List overview All Threads
Download

newer

older

High-resolution Score images for...

Extensions History in enwiki

Arthur Richards

3 May 2013 3 May '13

11:23 p.m.

+wikitech-l

I've confirmed the issue on my end; ?action=purge seems to have no effect and the 'last modified' notification on the mobile main page looks correct (though the content itself is out of date and not in sync with the 'last modified' notification). What's doubly weird to me is the 'Last modified' HTTP response headers says:

Last-Modified: Tue, 30 Apr 2013 00:17:32 GMT

Which appears to be newer than when the content I'm seeing on the main page was updated... Anyone from ops have an idea what might be going on?

On Thu, May 2, 2013 at 10:01 PM, Yuvi Panda yuvipanda@gmail.com wrote:

...

Encountered

https://en.wikipedia.org/wiki/Wikipedia:Village_pump_(technical)#Issue_with_...

...

Some people seem to be having problems with the mobile main page being cached too much. Can someone look into it?

-- Yuvi Panda T http://yuvi.in/blog

Mobile-l mailing list Mobile-l@lists.wikimedia.org https://lists.wikimedia.org/mailman/listinfo/mobile-l

-- Arthur Richards Software Engineer, Mobile [[User:Awjrichards]] IRC: awjr +1-415-839-6885 x6687

Show replies by date

Asher Feldman

4 May 4 May

12:19 a.m.

New subject: [WikimediaMobile] Caching Problem with Mobile Main Page?
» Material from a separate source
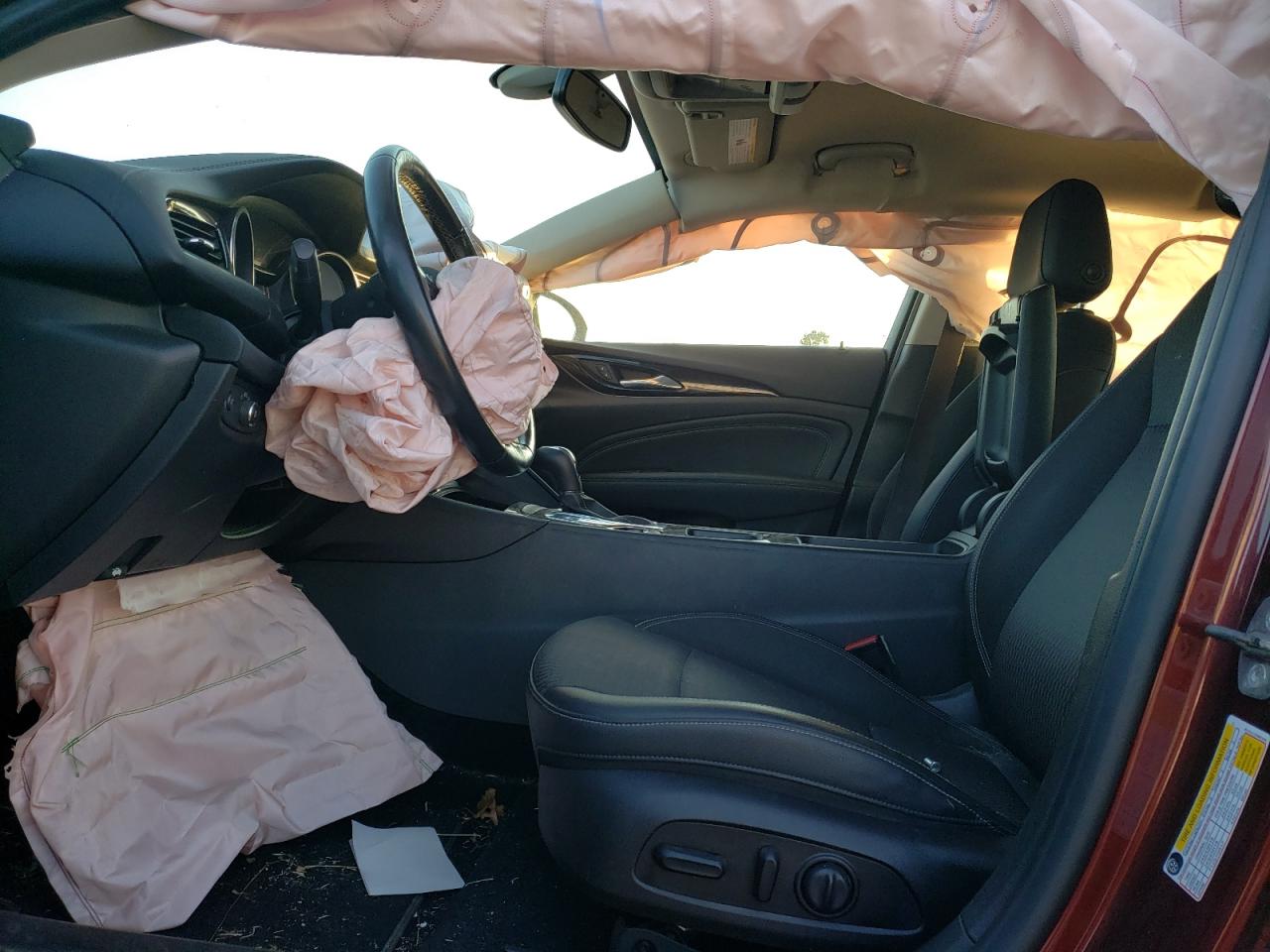 2018 Buick Regal VIN W04GM6SX7J1142108 Copart auction photo, front end / minor dent/scratches damage thumbnail 7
The problem is due to recent changes that were made to how mobile caching works. I just flushed cache on all of the frontend varnish instances which indeed appears to have fixed the problem but it isn't actually fixed. Note, the frontend instances just have 1GB of cache, so only very popular objects (like the enwiki front page) avoid getting LRU'd. The backend varnish instances utilize the ssd's and perform the heavy caching work.

When I originally built this, I had the frontends force a short (300s) ttl on all cacheable objects, while the backends honored the times specified by mediawiki.

I chose to only send purges to the backend instances (via wikia's old varnishhtcpd) and let the frontend instances catch up with their short ttls. My reasoning was:

1) Our multicast purge stream is very busy and isn't split up by cache type, so it includes lots of purge requests for images on upload.wikimedia.org. Processing the purges is somewhat cpu intensive, and I saw doing so once per varnish server as preferable to twice.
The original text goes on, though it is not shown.